Work item:
Only one stretch of the data should be retyped: the lines from the line containing "The Political Economy" through the line containing "Dhaakad Movie: Official". Keep pictures out of it.

Data provided:
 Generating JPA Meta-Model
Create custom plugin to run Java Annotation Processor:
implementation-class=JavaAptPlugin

==

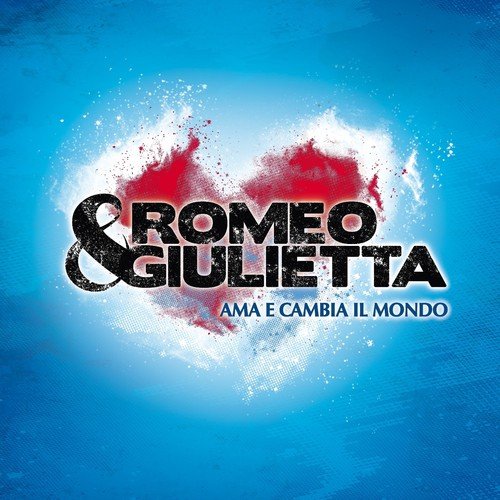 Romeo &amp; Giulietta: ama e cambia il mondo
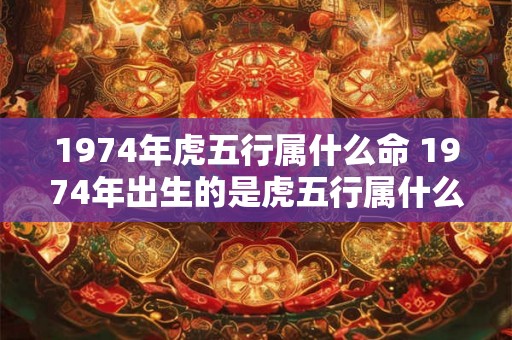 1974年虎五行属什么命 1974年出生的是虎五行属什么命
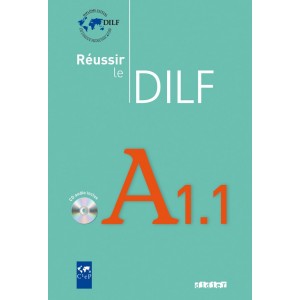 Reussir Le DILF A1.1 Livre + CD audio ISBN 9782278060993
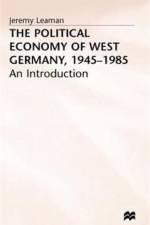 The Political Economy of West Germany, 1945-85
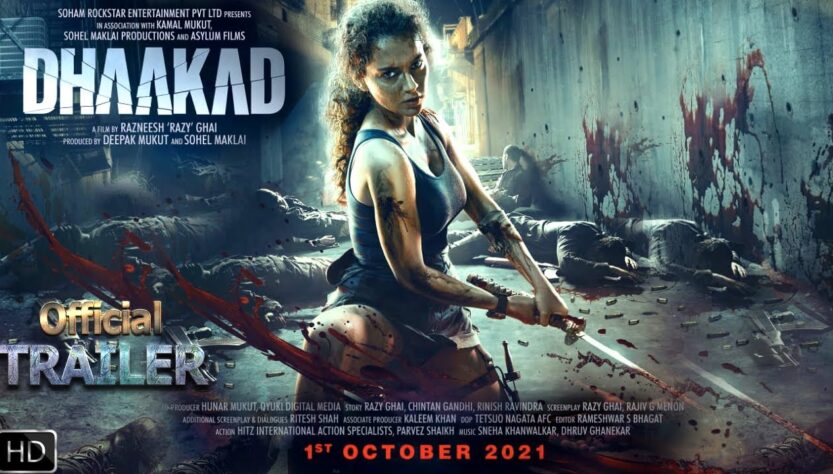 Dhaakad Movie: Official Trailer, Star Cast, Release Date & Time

Written solution:
 The Political Economy of West Germany, 1945-85
 Dhaakad Movie: Official Trailer, Star Cast, Release Date & Time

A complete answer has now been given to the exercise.